As a team, we all wanted to learn about what an API is, how it works and how to use one for meaningful purposes. After discussing, we found that we were interested in how to present data in a visual and engaging way. We decided to create a project that could be used to analyse current trends across whatever topic the user wanted to track.

We created a website which finds recent tweets containing a user-chosen input. It outputs two things: a word cloud containing the most common words and also a bar graph showing the polarities. This allows us to see how people on twitter feel about a certain topic.

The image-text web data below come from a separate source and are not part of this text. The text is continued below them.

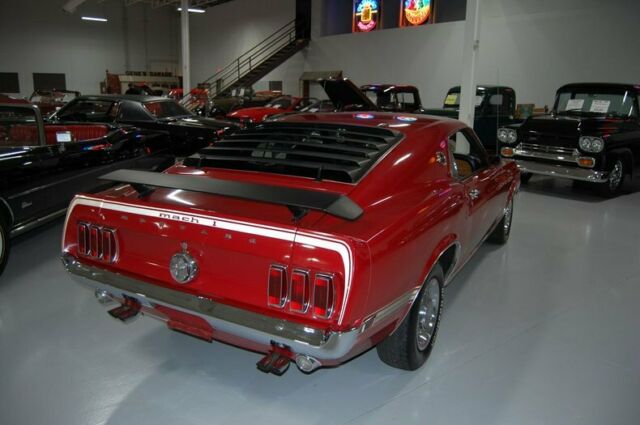 Ford Mustang 1969 image number 8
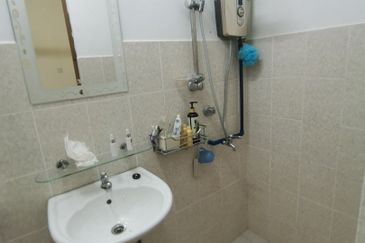 COUNTRY HEIGHT APARTMENT PH II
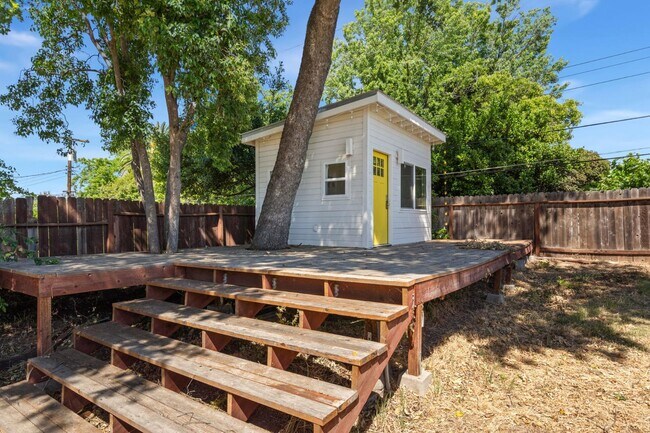 Building Photo - 2524 Landwood Way
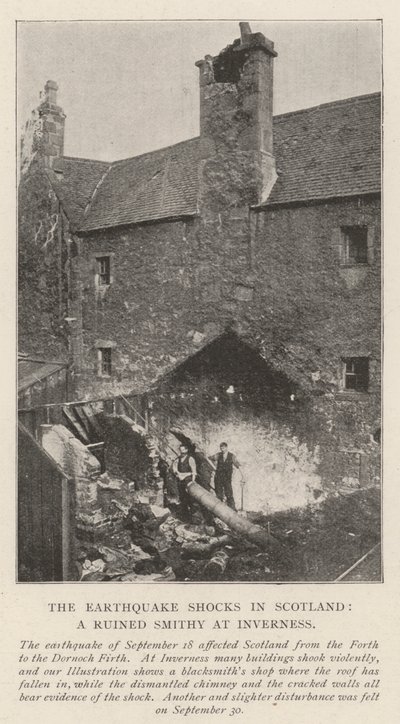 De Aardbevingsschokken in Schotland, een Verwoeste Smidse in Inverness door English Photographer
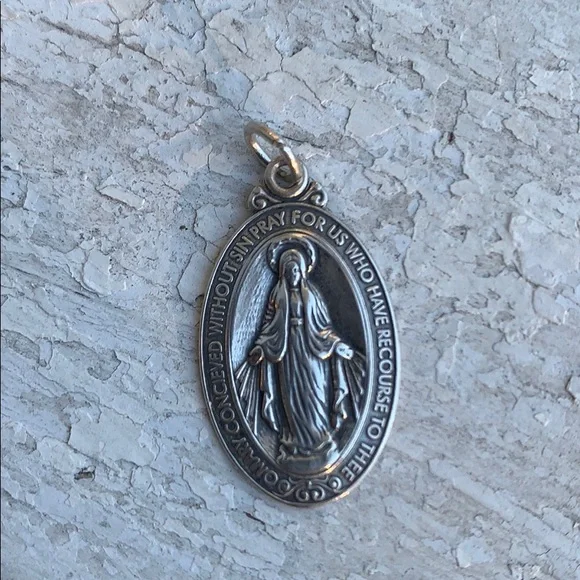 Vintage Sterling Saint Mary Pray for Us Pendant - Picture 8 of 16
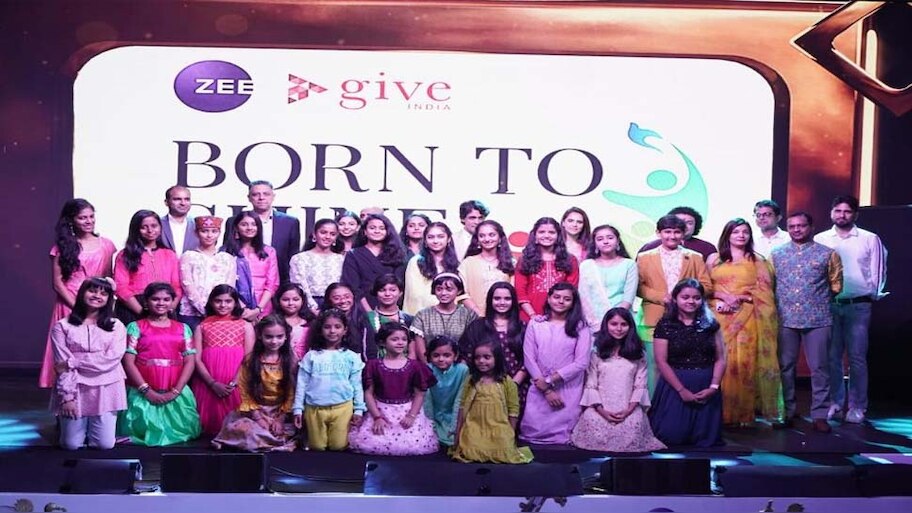 Born to Shine: Zee एंटरटेनमेंट ने देशभर के 30 होनहार बच्चियों को दी स्पेशल स्कॉलरशिप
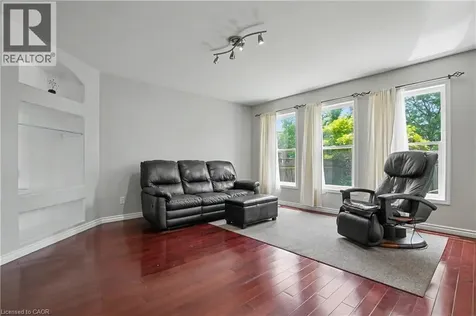 24 Goreing Street Cambridge ON N1T 2E8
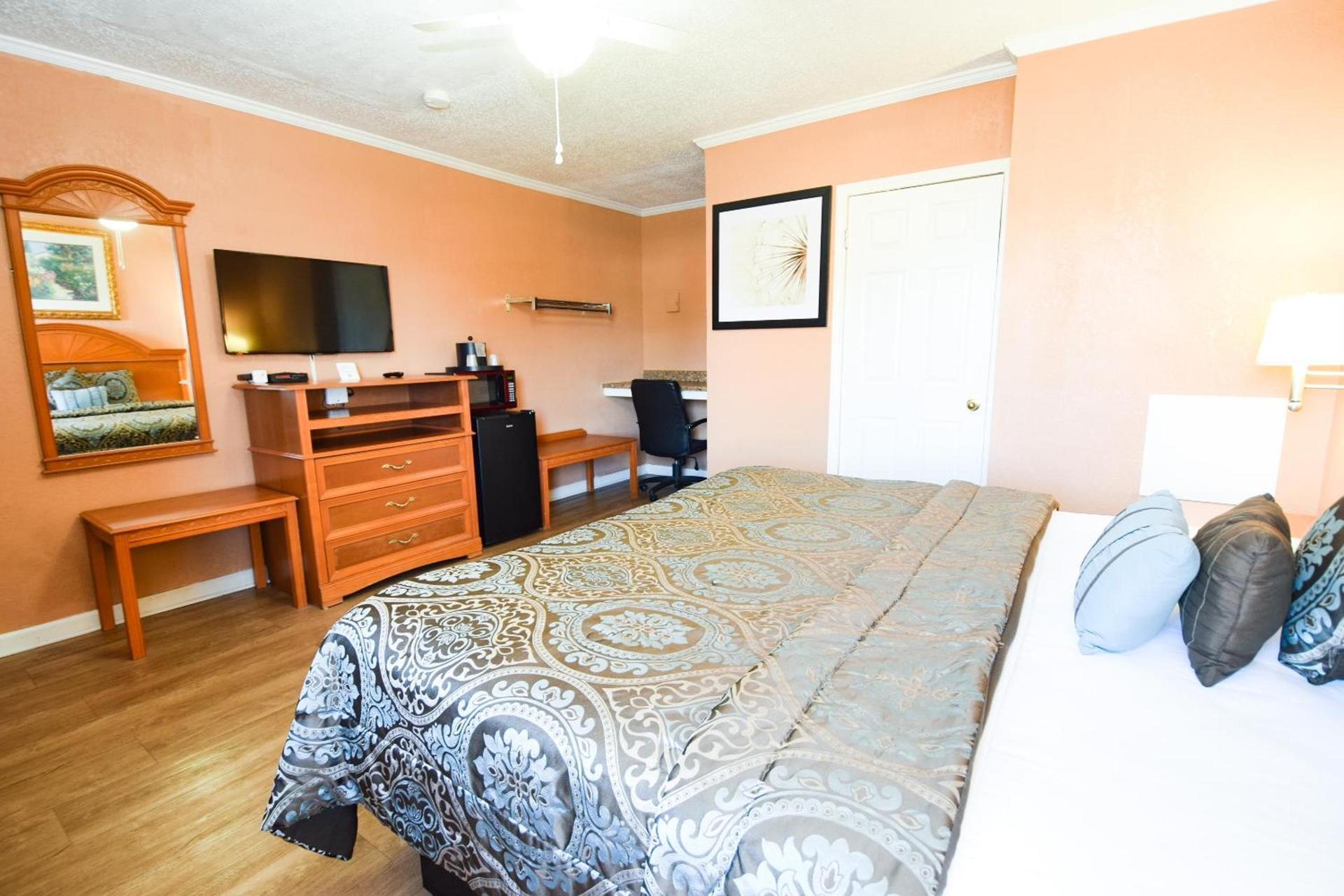 Economy Inn Beebe photo 3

After splitting into two groups, we worked on the front end and back end separately. The front end team began by trying to use Velo by Wix, but we had difficulty with the functionality as it was quite restrictive. We ended up creating a search bar using HTML and the anychart library to create the word cloud and bar chart using JavaScript.

The backend team started by playing around with the Twitter API to find out how it works. We began by creating a list of recent tweets, filtered by a user input and then progressed onto filtering the words in these tweets. It was difficult to make the list representative of the sentiment of the tweets. We got rid of filler words, punctuation and words that didn’t appear frequently. We created a dictionary containing each word and its frequency, for use in the word cloud. We also measured the polarity of each tweet for use in our bar chart.

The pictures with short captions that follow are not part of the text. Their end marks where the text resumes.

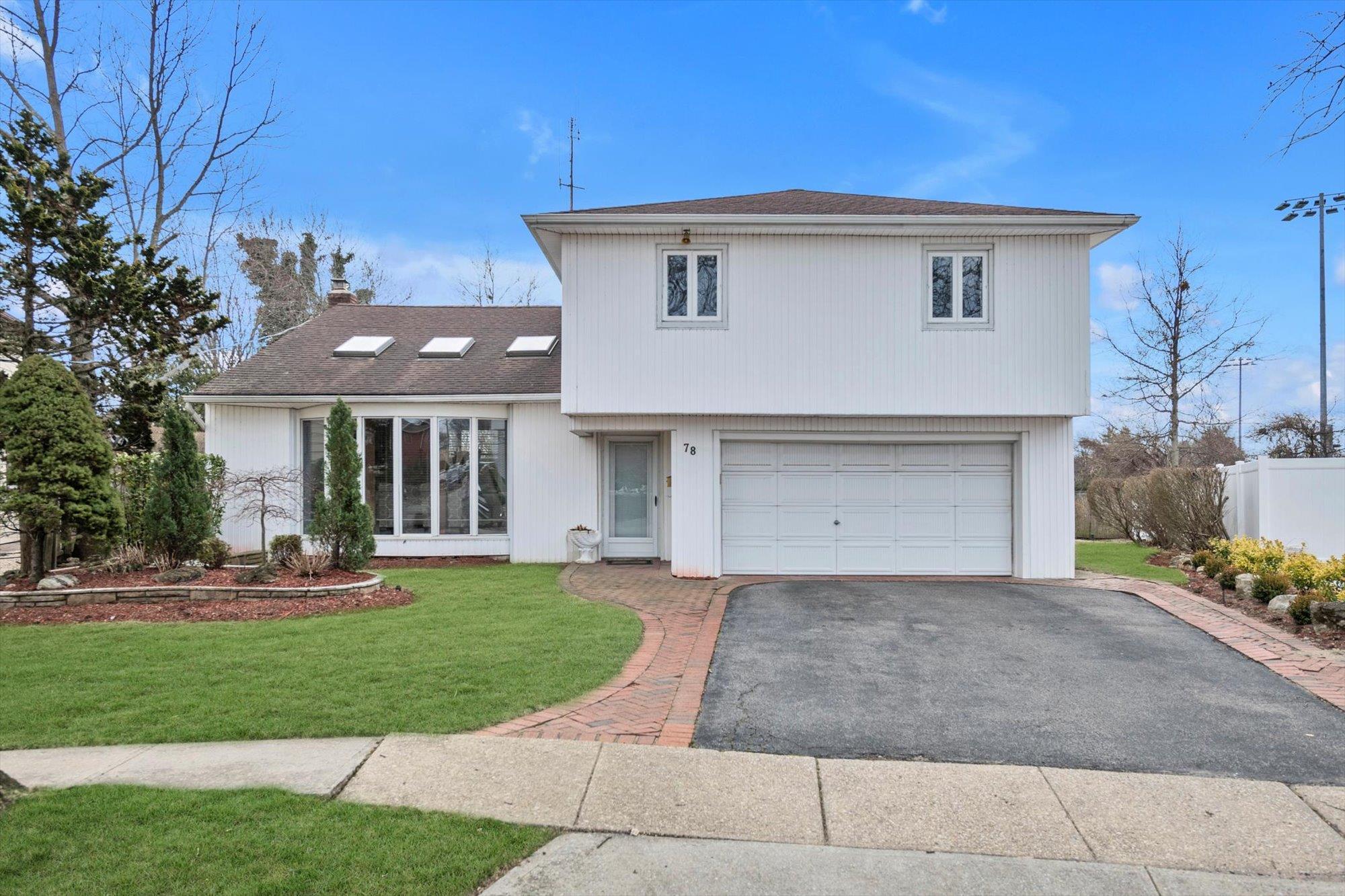 Newport Dr, Hewlett, NY 11557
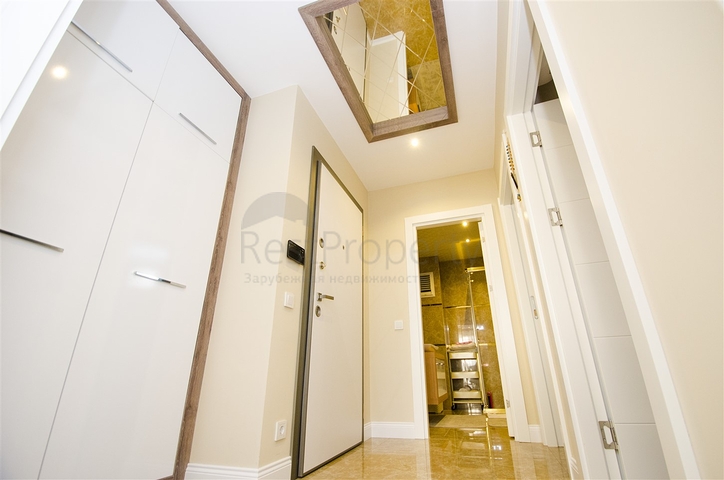 شقة 2 + 1 مع أثاث على مسافة قريبة من البحر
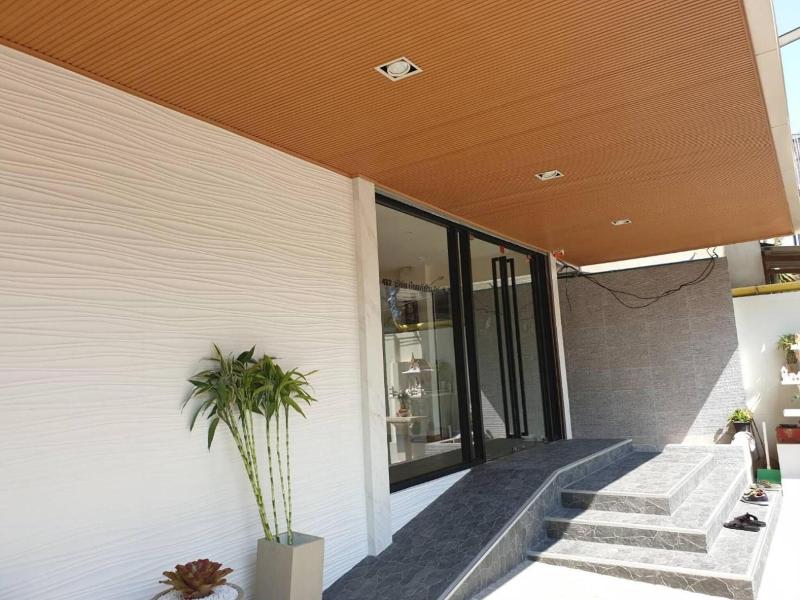 P18 Hotel image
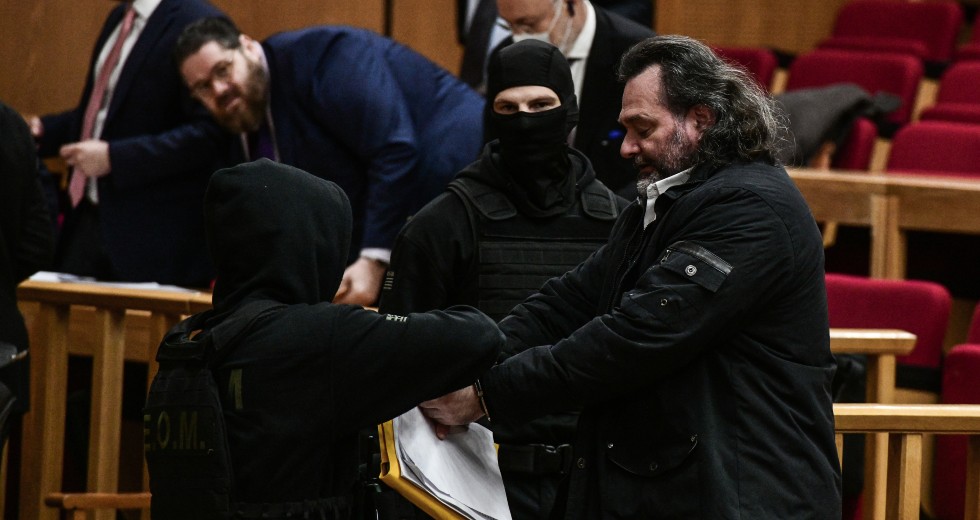 Δίκη Χρυσής Αυγής: Καταθέτει η αυτόπτης μάρτυρας της δολοφονίας Φύσσα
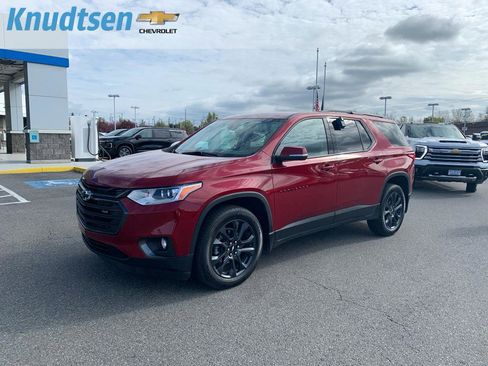 Used 2021 Chevrolet Traverse RS AWD/4WD image 3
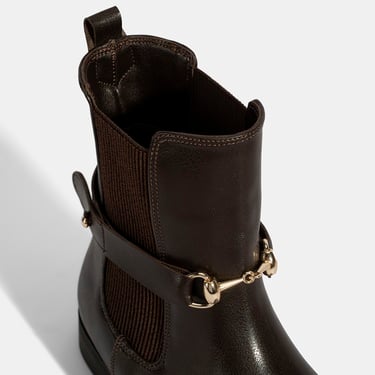  Kadın Kahve Metal Toka Aksesuarlı Bot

One problem we faced was using pagination: twitter only allowed us to generate 100 tweets per query, but we needed a larger sample size. We initially tried to write our own loop that followed the next token to make requests for the next pages, but realised that it wasn’t as performant as using tweepy’s paginator class. We also struggled to integrate the front and backend due to a CORS error. No one on our team has had any experience in this area, so we had to research a solution and eventually found that setting a header on the web server fixed the issue.

We learnt so much during the day and really enjoyed the process. We learnt how to work as team and communicate with each other but also how to work with APIs, natural language processing, sentiment analysis and how to integrate the front-end and the back-end together. We also learnt how to code Word Clouds!

We’re really proud of the integration of the front and backend of our project. We’re also very happy with the way in which the data is presented in the word cloud and bar chart. If we’d had more time, we’d have added more analytics, for example location data and the frequency of the tweets. We’d also have liked to make our program a little faster.